# Task data
+++++

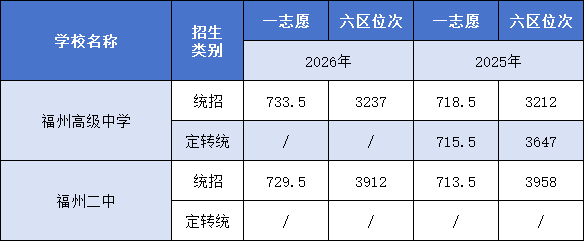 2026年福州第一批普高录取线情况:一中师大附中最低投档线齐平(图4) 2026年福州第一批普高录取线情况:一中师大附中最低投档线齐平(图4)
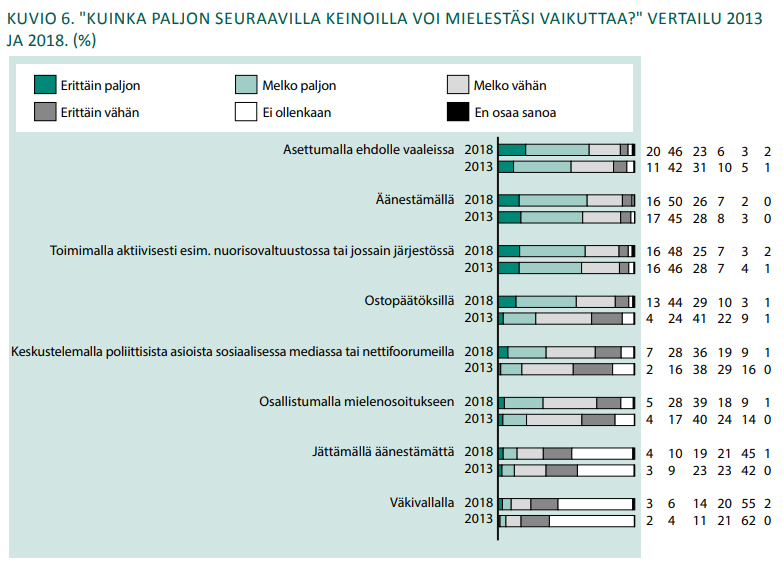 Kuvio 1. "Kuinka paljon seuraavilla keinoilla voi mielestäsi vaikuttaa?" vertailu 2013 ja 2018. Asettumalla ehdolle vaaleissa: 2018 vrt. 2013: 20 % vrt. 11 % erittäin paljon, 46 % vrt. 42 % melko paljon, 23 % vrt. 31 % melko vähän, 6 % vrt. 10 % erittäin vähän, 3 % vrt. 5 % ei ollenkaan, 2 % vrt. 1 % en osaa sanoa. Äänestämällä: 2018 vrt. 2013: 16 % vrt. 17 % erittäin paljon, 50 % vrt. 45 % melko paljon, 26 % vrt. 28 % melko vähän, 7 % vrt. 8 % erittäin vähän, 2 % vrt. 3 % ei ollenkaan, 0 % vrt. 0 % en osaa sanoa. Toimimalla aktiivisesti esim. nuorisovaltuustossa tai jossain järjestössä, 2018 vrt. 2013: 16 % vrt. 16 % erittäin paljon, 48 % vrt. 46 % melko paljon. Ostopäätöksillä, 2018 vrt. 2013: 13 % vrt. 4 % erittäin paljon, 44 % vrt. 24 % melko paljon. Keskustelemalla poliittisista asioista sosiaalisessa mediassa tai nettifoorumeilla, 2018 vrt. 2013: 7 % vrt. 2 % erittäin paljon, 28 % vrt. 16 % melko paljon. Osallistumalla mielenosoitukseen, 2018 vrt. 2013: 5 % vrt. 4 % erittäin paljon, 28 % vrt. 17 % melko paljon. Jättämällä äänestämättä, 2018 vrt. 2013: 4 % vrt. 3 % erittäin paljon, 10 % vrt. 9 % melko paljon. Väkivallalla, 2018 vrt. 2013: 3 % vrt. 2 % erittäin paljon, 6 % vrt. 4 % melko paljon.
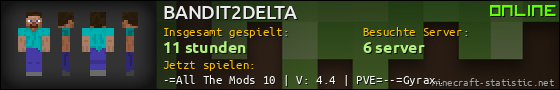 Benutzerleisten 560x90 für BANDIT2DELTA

+++++

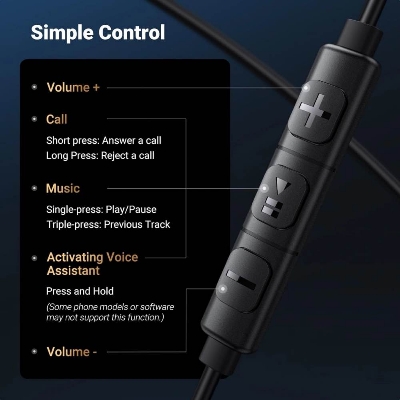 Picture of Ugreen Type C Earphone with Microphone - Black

+++++

# Your goal
Working from the entries above, please transcribe only the lines from the line with "vrt. 4 % melko paljon." through the line with "Benutzerleisten 560x90 für BANDIT2DELTA", exactly, with both end lines and without pictures.

# Answer area
 Kuvio 1. "Kuinka paljon seuraavilla keinoilla voi mielestäsi vaikuttaa?" vertailu 2013 ja 2018. Asettumalla ehdolle vaaleissa: 2018 vrt. 2013: 20 % vrt. 11 % erittäin paljon, 46 % vrt. 42 % melko paljon, 23 % vrt. 31 % melko vähän, 6 % vrt. 10 % erittäin vähän, 3 % vrt. 5 % ei ollenkaan, 2 % vrt. 1 % en osaa sanoa. Äänestämällä: 2018 vrt. 2013: 16 % vrt. 17 % erittäin paljon, 50 % vrt. 45 % melko paljon, 26 % vrt. 28 % melko vähän, 7 % vrt. 8 % erittäin vähän, 2 % vrt. 3 % ei ollenkaan, 0 % vrt. 0 % en osaa sanoa. Toimimalla aktiivisesti esim. nuorisovaltuustossa tai jossain järjestössä, 2018 vrt. 2013: 16 % vrt. 16 % erittäin paljon, 48 % vrt. 46 % melko paljon. Ostopäätöksillä, 2018 vrt. 2013: 13 % vrt. 4 % erittäin paljon, 44 % vrt. 24 % melko paljon. Keskustelemalla poliittisista asioista sosiaalisessa mediassa tai nettifoorumeilla, 2018 vrt. 2013: 7 % vrt. 2 % erittäin paljon, 28 % vrt. 16 % melko paljon. Osallistumalla mielenosoitukseen, 2018 vrt. 2013: 5 % vrt. 4 % erittäin paljon, 28 % vrt. 17 % melko paljon. Jättämällä äänestämättä, 2018 vrt. 2013: 4 % vrt. 3 % erittäin paljon, 10 % vrt. 9 % melko paljon. Väkivallalla, 2018 vrt. 2013: 3 % vrt. 2 % erittäin paljon, 6 % vrt. 4 % melko paljon.
 Benutzerleisten 560x90 für BANDIT2DELTA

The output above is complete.